### Assignment
Restate all the data word for word and omit the pictures.

### Excerpted records
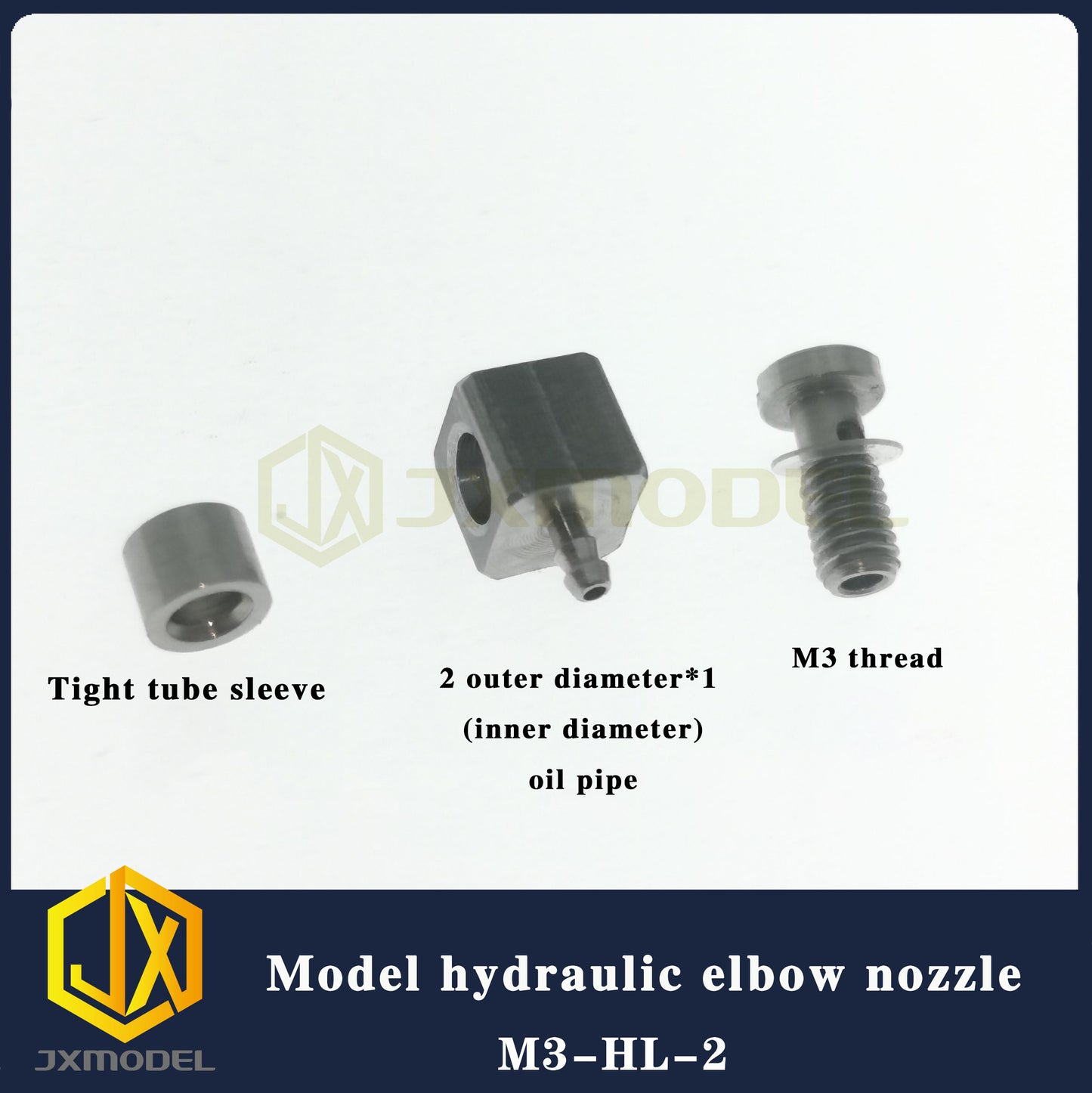 M3-2 Elbow Nozzle - JXmodel - Hydraulic Models - Truck Crane, Excavator, Hydraulic Tail Lift, Dump Truck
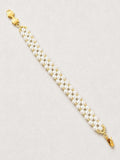 Lumi Pearl Column Bracelet - Gold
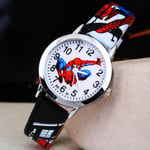 Barn Pojkar Spiderman Quartz Klocka Armband black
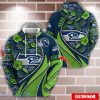 Personalized Name NFL Seattle Seahawks  Flower Pattern 3D Hoodie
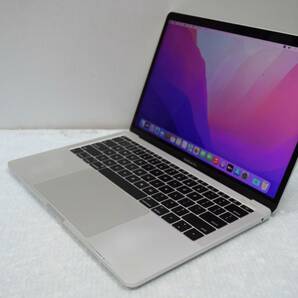 E3088 Y Apple MacBook Pro(2017) 13インチ A1708 Core i5/2.3GHz RAM:8GB/SSD:128GB Monterey 認証済 動作品・充電器付きの画像3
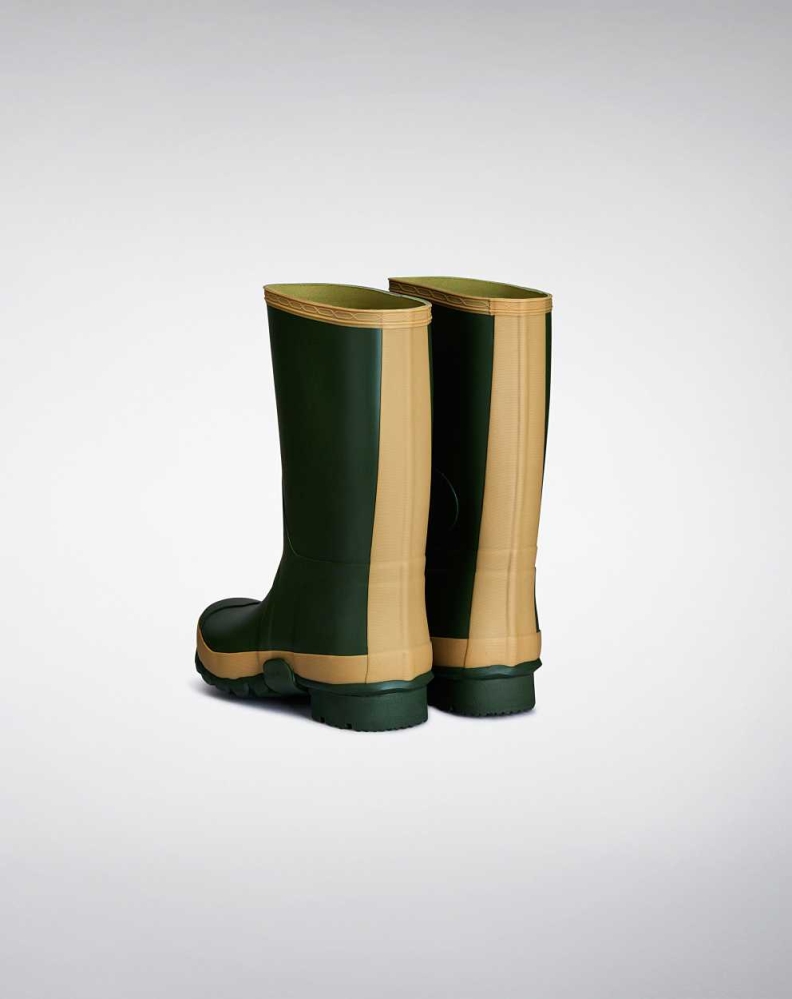 Men's Hunter Gardener Wellington Tall Rain Boots Green | US3725840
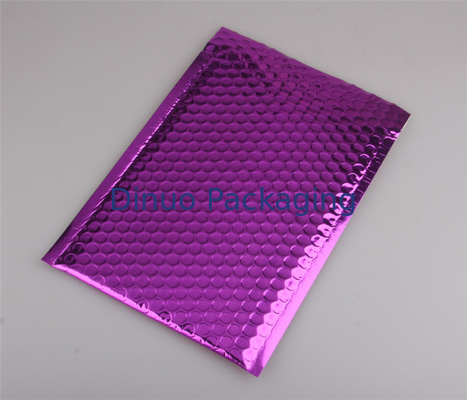 Punctura de grande volume dos encarregados do envio da correspondência metálicos cor-de-rosa impermeáveis da bolha resistente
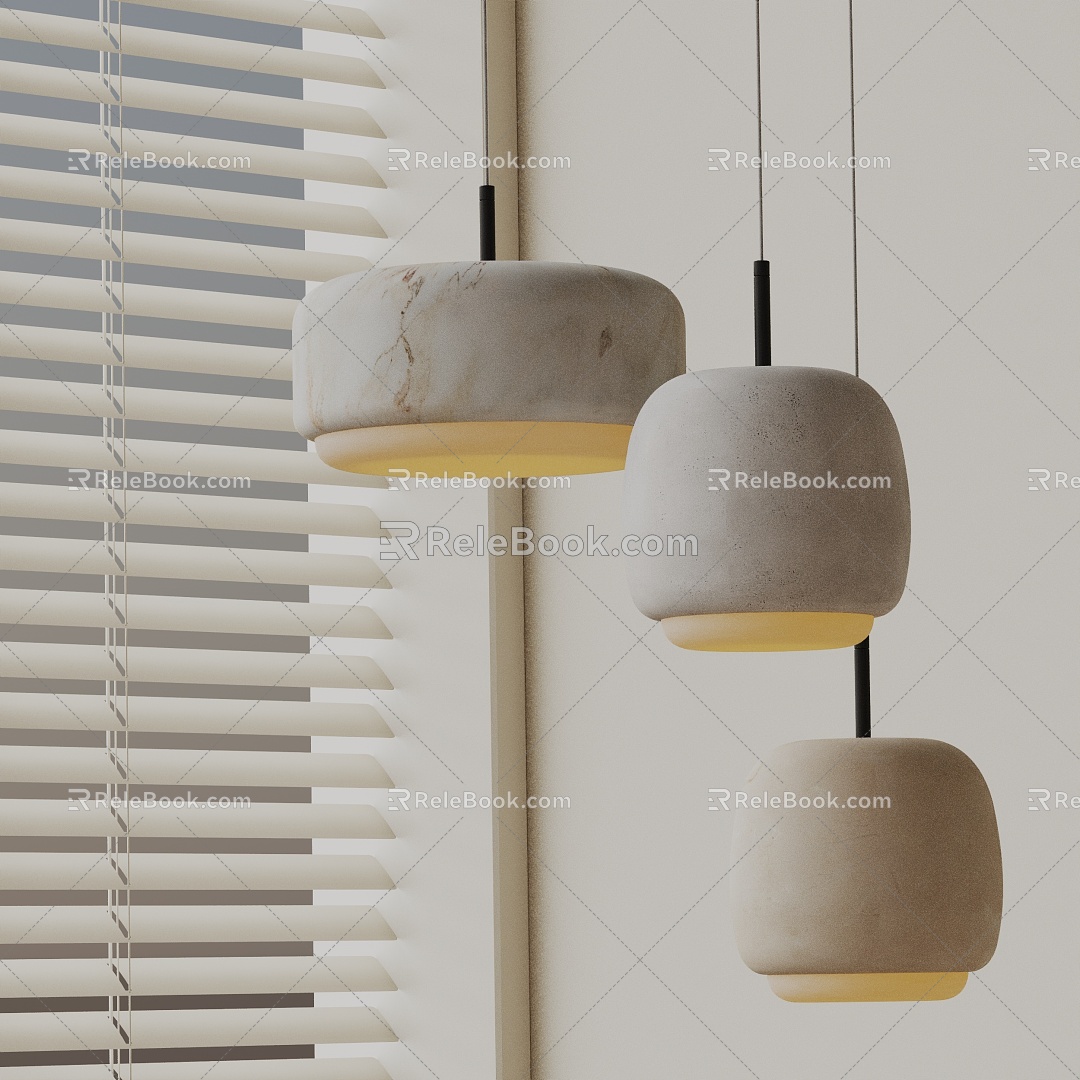 Modern chandelier 3d model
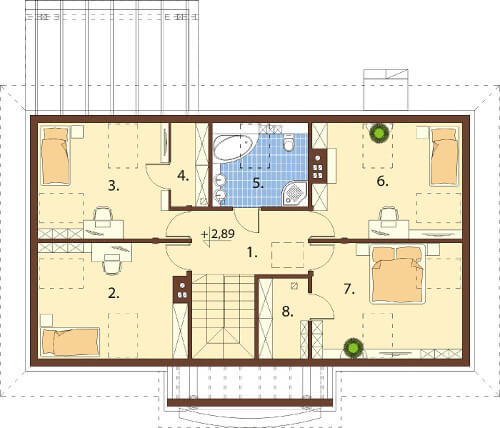 Projekt domu DM-6582 - rzut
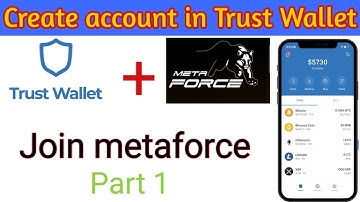 How to create trust wallet account / meta force joining process part 1 /Techno online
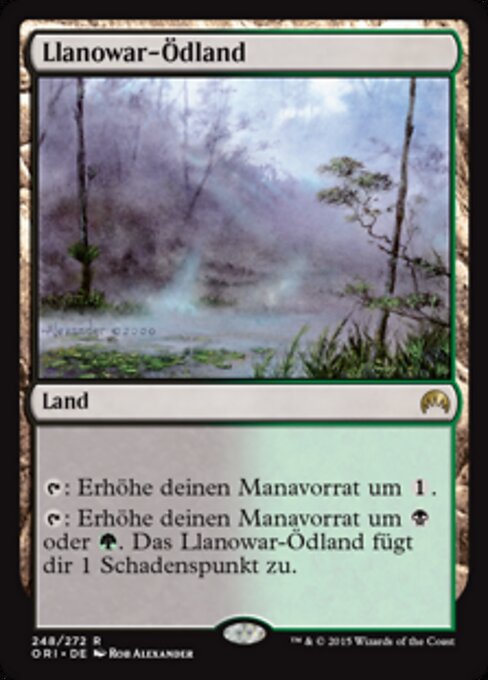 Llanowar-Ödland ORI-248 Rare Excellent Deutsch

### Output of the task
 M3-2 Elbow Nozzle - JXmodel - Hydraulic Models - Truck Crane, Excavator, Hydraulic Tail Lift, Dump Truck
 Lumi Pearl Column Bracelet - Gold
 Barn Pojkar Spiderman Quartz Klocka Armband black
 Personalized Name NFL Seattle Seahawks  Flower Pattern 3D Hoodie
 E3088 Y Apple MacBook Pro(2017) 13インチ A1708 Core i5/2.3GHz RAM:8GB/SSD:128GB Monterey 認証済 動作品・充電器付きの画像3
 Men's Hunter Gardener Wellington Tall Rain Boots Green | US3725840
 Punctura de grande volume dos encarregados do envio da correspondência metálicos cor-de-rosa impermeáveis da bolha resistente
 Modern chandelier 3d model
 Projekt domu DM-6582 - rzut
 How to create trust wallet account / meta force joining process part 1 /Techno online
 Llanowar-Ödland ORI-248 Rare Excellent Deutsch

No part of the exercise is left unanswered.